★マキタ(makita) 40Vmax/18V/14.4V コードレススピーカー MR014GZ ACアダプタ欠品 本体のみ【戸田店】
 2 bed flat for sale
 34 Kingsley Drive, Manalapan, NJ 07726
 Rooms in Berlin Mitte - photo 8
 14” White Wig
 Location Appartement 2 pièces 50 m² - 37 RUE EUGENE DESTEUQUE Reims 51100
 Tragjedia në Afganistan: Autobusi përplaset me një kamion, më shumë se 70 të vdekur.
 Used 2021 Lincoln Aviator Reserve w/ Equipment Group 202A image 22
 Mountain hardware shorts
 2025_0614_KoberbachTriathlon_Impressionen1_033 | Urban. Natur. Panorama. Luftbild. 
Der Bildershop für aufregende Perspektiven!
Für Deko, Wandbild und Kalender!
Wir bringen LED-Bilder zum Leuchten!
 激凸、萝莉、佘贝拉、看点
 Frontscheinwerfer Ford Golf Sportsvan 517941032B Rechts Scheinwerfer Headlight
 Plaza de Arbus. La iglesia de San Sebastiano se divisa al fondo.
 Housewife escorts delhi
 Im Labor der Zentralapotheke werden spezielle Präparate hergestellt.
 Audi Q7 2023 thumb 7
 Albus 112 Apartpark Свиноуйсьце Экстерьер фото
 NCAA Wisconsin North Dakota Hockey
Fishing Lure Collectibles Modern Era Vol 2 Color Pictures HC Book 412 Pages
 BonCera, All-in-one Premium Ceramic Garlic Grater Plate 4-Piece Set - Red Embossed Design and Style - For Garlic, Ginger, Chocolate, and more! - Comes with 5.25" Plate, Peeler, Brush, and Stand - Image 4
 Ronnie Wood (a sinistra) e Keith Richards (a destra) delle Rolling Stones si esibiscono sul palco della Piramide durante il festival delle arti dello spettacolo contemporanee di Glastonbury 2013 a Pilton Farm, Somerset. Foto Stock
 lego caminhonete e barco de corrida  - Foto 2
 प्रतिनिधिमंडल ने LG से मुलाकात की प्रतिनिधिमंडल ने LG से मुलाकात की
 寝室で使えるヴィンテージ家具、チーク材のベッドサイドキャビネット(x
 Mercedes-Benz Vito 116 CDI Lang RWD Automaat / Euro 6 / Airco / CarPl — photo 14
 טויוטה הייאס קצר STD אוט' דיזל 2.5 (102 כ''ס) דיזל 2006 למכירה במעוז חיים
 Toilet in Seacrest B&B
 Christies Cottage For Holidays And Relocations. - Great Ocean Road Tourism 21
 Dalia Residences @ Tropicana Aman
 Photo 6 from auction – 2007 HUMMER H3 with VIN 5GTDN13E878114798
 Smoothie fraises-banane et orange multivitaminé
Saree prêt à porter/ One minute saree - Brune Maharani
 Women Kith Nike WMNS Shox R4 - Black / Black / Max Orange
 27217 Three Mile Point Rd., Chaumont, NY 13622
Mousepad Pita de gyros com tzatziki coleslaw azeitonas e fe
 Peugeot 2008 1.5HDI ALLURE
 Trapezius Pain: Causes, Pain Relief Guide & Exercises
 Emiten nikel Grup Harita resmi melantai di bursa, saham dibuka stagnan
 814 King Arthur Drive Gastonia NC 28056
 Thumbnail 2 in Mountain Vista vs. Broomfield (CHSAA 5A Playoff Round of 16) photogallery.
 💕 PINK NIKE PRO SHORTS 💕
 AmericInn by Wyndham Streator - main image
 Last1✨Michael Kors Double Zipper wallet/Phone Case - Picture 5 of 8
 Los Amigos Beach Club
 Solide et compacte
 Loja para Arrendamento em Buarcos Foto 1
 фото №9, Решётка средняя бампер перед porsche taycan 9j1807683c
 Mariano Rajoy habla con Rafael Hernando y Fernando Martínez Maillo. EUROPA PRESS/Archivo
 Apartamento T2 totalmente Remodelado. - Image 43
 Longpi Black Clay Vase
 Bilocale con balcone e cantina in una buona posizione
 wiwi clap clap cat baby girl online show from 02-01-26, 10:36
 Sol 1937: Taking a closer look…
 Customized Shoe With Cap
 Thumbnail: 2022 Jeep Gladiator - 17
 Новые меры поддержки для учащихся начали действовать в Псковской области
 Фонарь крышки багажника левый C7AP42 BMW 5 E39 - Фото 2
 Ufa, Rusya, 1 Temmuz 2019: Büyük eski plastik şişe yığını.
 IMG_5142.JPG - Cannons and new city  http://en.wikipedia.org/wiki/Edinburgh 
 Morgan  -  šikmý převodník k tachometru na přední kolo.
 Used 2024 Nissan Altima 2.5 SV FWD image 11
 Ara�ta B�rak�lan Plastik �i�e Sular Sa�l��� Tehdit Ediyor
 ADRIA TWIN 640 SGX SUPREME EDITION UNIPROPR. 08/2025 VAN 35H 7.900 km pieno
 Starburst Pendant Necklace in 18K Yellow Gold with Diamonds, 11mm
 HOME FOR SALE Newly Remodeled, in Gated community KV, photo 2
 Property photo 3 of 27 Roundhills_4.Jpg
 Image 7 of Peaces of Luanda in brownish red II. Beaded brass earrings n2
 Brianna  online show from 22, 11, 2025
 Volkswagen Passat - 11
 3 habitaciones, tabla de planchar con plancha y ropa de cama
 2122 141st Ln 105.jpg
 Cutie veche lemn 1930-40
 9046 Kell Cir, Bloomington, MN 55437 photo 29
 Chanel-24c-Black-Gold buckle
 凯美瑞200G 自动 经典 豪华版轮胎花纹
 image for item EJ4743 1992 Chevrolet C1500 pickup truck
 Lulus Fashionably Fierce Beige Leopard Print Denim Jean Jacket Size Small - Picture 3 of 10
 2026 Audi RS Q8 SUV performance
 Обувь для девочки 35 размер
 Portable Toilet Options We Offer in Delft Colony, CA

-----

Each record is to be given again in full, exactly as it reads.

★マキタ(makita) 40Vmax/18V/14.4V コードレススピーカー MR014GZ ACアダプタ欠品 本体のみ【戸田店】
 2 bed flat for sale
 34 Kingsley Drive, Manalapan, NJ 07726
 Rooms in Berlin Mitte - photo 8
 14” White Wig
 Location Appartement 2 pièces 50 m² - 37 RUE EUGENE DESTEUQUE Reims 51100
 Tragjedia në Afganistan: Autobusi përplaset me një kamion, më shumë se 70 të vdekur.
 Used 2021 Lincoln Aviator Reserve w/ Equipment Group 202A image 22
 Mountain hardware shorts
 2025_0614_KoberbachTriathlon_Impressionen1_033 | Urban. Natur. Panorama. Luftbild. 
Der Bildershop für aufregende Perspektiven!
Für Deko, Wandbild und Kalender!
Wir bringen LED-Bilder zum Leuchten!
 激凸、萝莉、佘贝拉、看点
 Frontscheinwerfer Ford Golf Sportsvan 517941032B Rechts Scheinwerfer Headlight
 Plaza de Arbus. La iglesia de San Sebastiano se divisa al fondo.
 Housewife escorts delhi
 Im Labor der Zentralapotheke werden spezielle Präparate hergestellt.
 Audi Q7 2023 thumb 7
 Albus 112 Apartpark Свиноуйсьце Экстерьер фото
 NCAA Wisconsin North Dakota Hockey
Fishing Lure Collectibles Modern Era Vol 2 Color Pictures HC Book 412 Pages
 BonCera, All-in-one Premium Ceramic Garlic Grater Plate 4-Piece Set - Red Embossed Design and Style - For Garlic, Ginger, Chocolate, and more! - Comes with 5.25" Plate, Peeler, Brush, and Stand - Image 4
 Ronnie Wood (a sinistra) e Keith Richards (a destra) delle Rolling Stones si esibiscono sul palco della Piramide durante il festival delle arti dello spettacolo contemporanee di Glastonbury 2013 a Pilton Farm, Somerset. Foto Stock
 lego caminhonete e barco de corrida  - Foto 2
 प्रतिनिधिमंडल ने LG से मुलाकात की प्रतिनिधिमंडल ने LG से मुलाकात की
 寝室で使えるヴィンテージ家具、チーク材のベッドサイドキャビネット(x
 Mercedes-Benz Vito 116 CDI Lang RWD Automaat / Euro 6 / Airco / CarPl — photo 14
 טויוטה הייאס קצר STD אוט' דיזל 2.5 (102 כ''ס) דיזל 2006 למכירה במעוז חיים
 Toilet in Seacrest B&B
 Christies Cottage For Holidays And Relocations. - Great Ocean Road Tourism 21
 Dalia Residences @ Tropicana Aman
 Photo 6 from auction – 2007 HUMMER H3 with VIN 5GTDN13E878114798
 Smoothie fraises-banane et orange multivitaminé
Saree prêt à porter/ One minute saree - Brune Maharani
 Women Kith Nike WMNS Shox R4 - Black / Black / Max Orange
 27217 Three Mile Point Rd., Chaumont, NY 13622
Mousepad Pita de gyros com tzatziki coleslaw azeitonas e fe
 Peugeot 2008 1.5HDI ALLURE
 Trapezius Pain: Causes, Pain Relief Guide & Exercises
 Emiten nikel Grup Harita resmi melantai di bursa, saham dibuka stagnan
 814 King Arthur Drive Gastonia NC 28056
 Thumbnail 2 in Mountain Vista vs. Broomfield (CHSAA 5A Playoff Round of 16) photogallery.
 💕 PINK NIKE PRO SHORTS 💕
 AmericInn by Wyndham Streator - main image
 Last1✨Michael Kors Double Zipper wallet/Phone Case - Picture 5 of 8
 Los Amigos Beach Club
 Solide et compacte
 Loja para Arrendamento em Buarcos Foto 1
 фото №9, Решётка средняя бампер перед porsche taycan 9j1807683c
 Mariano Rajoy habla con Rafael Hernando y Fernando Martínez Maillo. EUROPA PRESS/Archivo
 Apartamento T2 totalmente Remodelado. - Image 43
 Longpi Black Clay Vase
 Bilocale con balcone e cantina in una buona posizione
 wiwi clap clap cat baby girl online show from 02-01-26, 10:36
 Sol 1937: Taking a closer look…
 Customized Shoe With Cap
 Thumbnail: 2022 Jeep Gladiator - 17
 Новые меры поддержки для учащихся начали действовать в Псковской области
 Фонарь крышки багажника левый C7AP42 BMW 5 E39 - Фото 2
 Ufa, Rusya, 1 Temmuz 2019: Büyük eski plastik şişe yığını.
 IMG_5142.JPG - Cannons and new city  http://en.wikipedia.org/wiki/Edinburgh 
 Morgan  -  šikmý převodník k tachometru na přední kolo.
 Used 2024 Nissan Altima 2.5 SV FWD image 11
 Ara�ta B�rak�lan Plastik �i�e Sular Sa�l��� Tehdit Ediyor
 ADRIA TWIN 640 SGX SUPREME EDITION UNIPROPR. 08/2025 VAN 35H 7.900 km pieno
 Starburst Pendant Necklace in 18K Yellow Gold with Diamonds, 11mm
 HOME FOR SALE Newly Remodeled, in Gated community KV, photo 2
 Property photo 3 of 27 Roundhills_4.Jpg
 Image 7 of Peaces of Luanda in brownish red II. Beaded brass earrings n2
 Brianna  online show from 22, 11, 2025
 Volkswagen Passat - 11
 3 habitaciones, tabla de planchar con plancha y ropa de cama
 2122 141st Ln 105.jpg
 Cutie veche lemn 1930-40
 9046 Kell Cir, Bloomington, MN 55437 photo 29
 Chanel-24c-Black-Gold buckle
 凯美瑞200G 自动 经典 豪华版轮胎花纹
 image for item EJ4743 1992 Chevrolet C1500 pickup truck
 Lulus Fashionably Fierce Beige Leopard Print Denim Jean Jacket Size Small - Picture 3 of 10
 2026 Audi RS Q8 SUV performance
 Обувь для девочки 35 размер
 Portable Toilet Options We Offer in Delft Colony, CA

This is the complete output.